I made this cake for my daughter's birthday and she loved it! The caramel buttercream was so smooth and creamy, and the cake was so moist.


Travys Vulgamore
travys.v@aol.com

This cake was amazing! The caramel buttercream was the perfect balance of sweet and salty, and the cake itself was moist and fluffy.

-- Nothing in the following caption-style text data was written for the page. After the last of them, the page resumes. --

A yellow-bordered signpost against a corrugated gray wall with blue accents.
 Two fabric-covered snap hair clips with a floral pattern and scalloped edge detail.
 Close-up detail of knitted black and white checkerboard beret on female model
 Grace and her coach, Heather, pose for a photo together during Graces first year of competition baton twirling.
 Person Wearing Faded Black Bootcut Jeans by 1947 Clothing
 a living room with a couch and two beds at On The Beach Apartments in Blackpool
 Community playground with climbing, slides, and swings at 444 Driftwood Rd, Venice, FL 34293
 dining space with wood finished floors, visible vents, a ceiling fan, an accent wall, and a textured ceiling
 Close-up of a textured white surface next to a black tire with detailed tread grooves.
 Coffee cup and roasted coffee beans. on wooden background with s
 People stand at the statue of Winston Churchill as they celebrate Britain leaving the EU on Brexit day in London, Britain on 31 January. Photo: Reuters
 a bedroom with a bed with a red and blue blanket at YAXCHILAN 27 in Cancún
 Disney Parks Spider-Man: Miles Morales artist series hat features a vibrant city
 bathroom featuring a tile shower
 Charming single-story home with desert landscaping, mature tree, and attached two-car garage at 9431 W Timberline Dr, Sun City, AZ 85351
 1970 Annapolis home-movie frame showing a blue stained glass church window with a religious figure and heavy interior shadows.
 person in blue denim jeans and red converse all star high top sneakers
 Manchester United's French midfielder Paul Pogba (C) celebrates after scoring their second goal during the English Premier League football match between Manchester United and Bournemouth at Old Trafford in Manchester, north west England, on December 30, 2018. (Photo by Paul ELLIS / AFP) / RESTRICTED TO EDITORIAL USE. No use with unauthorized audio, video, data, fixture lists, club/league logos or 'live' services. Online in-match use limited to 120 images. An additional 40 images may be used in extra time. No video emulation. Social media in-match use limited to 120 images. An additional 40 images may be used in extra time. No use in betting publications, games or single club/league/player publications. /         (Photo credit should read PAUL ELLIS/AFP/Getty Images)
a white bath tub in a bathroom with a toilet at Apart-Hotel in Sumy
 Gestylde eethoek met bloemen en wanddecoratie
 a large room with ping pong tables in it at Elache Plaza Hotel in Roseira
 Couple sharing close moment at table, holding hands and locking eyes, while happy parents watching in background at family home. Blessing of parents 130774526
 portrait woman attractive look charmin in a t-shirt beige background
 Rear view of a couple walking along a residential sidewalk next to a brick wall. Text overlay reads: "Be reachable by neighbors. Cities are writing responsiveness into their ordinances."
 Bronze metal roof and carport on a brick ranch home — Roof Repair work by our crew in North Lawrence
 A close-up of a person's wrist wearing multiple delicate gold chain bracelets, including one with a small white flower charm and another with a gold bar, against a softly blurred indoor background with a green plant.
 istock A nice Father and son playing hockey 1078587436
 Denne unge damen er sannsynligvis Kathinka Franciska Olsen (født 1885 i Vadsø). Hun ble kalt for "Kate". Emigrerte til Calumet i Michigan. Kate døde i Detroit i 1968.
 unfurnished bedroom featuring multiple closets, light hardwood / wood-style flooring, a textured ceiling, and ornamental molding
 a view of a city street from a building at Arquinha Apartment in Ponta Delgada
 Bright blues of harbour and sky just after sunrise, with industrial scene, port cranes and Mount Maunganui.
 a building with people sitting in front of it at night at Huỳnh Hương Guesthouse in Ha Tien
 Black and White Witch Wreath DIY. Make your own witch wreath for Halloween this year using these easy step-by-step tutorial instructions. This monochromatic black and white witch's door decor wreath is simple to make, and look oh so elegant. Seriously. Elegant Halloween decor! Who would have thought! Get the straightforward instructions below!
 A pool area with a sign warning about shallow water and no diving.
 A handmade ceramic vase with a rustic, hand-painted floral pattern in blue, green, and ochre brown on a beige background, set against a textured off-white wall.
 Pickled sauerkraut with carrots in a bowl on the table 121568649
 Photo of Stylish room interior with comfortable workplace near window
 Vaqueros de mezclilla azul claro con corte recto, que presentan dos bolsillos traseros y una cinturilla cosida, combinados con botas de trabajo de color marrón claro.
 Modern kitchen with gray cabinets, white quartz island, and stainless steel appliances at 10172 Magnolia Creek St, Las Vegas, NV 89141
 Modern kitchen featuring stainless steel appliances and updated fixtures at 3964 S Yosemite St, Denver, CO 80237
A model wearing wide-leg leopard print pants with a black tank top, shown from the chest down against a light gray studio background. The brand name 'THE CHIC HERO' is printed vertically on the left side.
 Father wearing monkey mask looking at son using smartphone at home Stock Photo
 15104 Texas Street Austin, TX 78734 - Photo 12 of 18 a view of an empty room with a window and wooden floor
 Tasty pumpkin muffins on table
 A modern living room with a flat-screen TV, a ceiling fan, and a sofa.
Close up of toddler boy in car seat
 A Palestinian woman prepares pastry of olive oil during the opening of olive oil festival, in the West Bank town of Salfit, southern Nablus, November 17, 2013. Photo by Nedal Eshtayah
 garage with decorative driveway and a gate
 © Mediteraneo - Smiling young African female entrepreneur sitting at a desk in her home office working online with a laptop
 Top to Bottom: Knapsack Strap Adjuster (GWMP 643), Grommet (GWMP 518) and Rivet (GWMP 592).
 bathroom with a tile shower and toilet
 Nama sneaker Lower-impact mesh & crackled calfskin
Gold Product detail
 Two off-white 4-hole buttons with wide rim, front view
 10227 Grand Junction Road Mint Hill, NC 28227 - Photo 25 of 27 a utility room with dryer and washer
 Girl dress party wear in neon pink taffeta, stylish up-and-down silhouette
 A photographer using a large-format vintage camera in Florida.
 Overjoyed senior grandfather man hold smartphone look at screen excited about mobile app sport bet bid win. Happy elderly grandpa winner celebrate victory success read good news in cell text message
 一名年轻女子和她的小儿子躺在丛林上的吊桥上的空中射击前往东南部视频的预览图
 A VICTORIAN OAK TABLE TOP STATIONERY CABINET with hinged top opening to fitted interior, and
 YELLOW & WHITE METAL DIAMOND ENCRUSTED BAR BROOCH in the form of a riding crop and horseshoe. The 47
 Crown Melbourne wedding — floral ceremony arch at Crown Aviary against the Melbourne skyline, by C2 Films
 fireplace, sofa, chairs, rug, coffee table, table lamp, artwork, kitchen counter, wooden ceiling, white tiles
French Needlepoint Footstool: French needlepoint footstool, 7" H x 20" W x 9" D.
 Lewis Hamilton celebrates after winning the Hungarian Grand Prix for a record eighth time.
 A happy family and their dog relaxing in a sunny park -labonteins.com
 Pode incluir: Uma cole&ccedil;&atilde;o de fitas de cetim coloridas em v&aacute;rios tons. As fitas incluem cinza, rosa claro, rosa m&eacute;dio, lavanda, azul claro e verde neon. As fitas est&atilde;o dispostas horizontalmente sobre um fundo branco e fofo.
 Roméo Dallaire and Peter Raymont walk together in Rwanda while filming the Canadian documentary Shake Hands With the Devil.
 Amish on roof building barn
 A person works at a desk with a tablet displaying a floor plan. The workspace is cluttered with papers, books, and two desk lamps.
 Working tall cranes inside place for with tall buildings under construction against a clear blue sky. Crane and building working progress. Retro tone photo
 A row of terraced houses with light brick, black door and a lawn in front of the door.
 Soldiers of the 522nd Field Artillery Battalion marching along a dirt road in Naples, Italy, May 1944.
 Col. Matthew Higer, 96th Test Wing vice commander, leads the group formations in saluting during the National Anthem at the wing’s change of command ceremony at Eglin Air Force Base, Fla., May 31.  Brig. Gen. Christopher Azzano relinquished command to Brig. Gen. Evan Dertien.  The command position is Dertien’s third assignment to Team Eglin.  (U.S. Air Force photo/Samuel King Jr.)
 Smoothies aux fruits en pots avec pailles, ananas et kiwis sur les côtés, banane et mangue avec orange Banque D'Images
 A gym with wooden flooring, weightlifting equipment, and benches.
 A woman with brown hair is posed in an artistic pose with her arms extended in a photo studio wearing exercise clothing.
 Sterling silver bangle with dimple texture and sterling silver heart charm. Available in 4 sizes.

I will definitely be making this again.


Alice Esaah
e_a@aol.com

The cake was a bit dry, but the caramel buttercream was delicious.


Jared Picotte
p_j52@gmail.com

I'm not a big fan of caramel, but this cake was still really good. The cake was moist and flavorful, and the buttercream was not too sweet.


Arafat Juwel
juwel-arafat22@gmail.com

This cake was delicious! The caramel buttercream was perfect, and the cake was moist and fluffy.


Donna Sherk
sherk_d17@aol.com

I made this cake for a bake sale and it was a huge success! Everyone loved the caramel buttercream and the cake was so moist and flavorful.


Bhojpuri laxmi
laxmi.b@hotmail.com

This cake was amazing! The caramel buttercream was so smooth and creamy, and the cake was so moist. I will definitely be making this again for special occasions.


Saiful Islam
saifulislam@aol.com

The cake was a bit dry and the frosting was too sweet, but overall it was still a good cake.


Kiru Jhon
kiru.j@gmail.com

This cake was a little too sweet for my taste, but the flavor was good. The caramel buttercream was a bit too runny, but overall the cake was still enjoyable.


Susit rana
susit.rana68@gmail.com

I was looking for a caramel buttercream cake recipe and this one did not disappoint! The cake was moist and flavorful, and the buttercream was rich and creamy. I will definitely be making this again.


AleenaThaju Aleena
aleena@hotmail.com

This cake was delicious! The caramel buttercream was perfect, and the cake was moist and fluffy. I will definitely be making this again.


Sk Sagor khan
k_s38@yahoo.com

I made this cake for my husband's birthday and he loved it! The caramel buttercream was so smooth and creamy, and the cake was so moist.


asad bukhari
a.bukhari@gmail.com

This cake was a hit! The caramel buttercream was the perfect balance of sweet and salty, and the cake itself was moist and fluffy. I will definitely be making this again.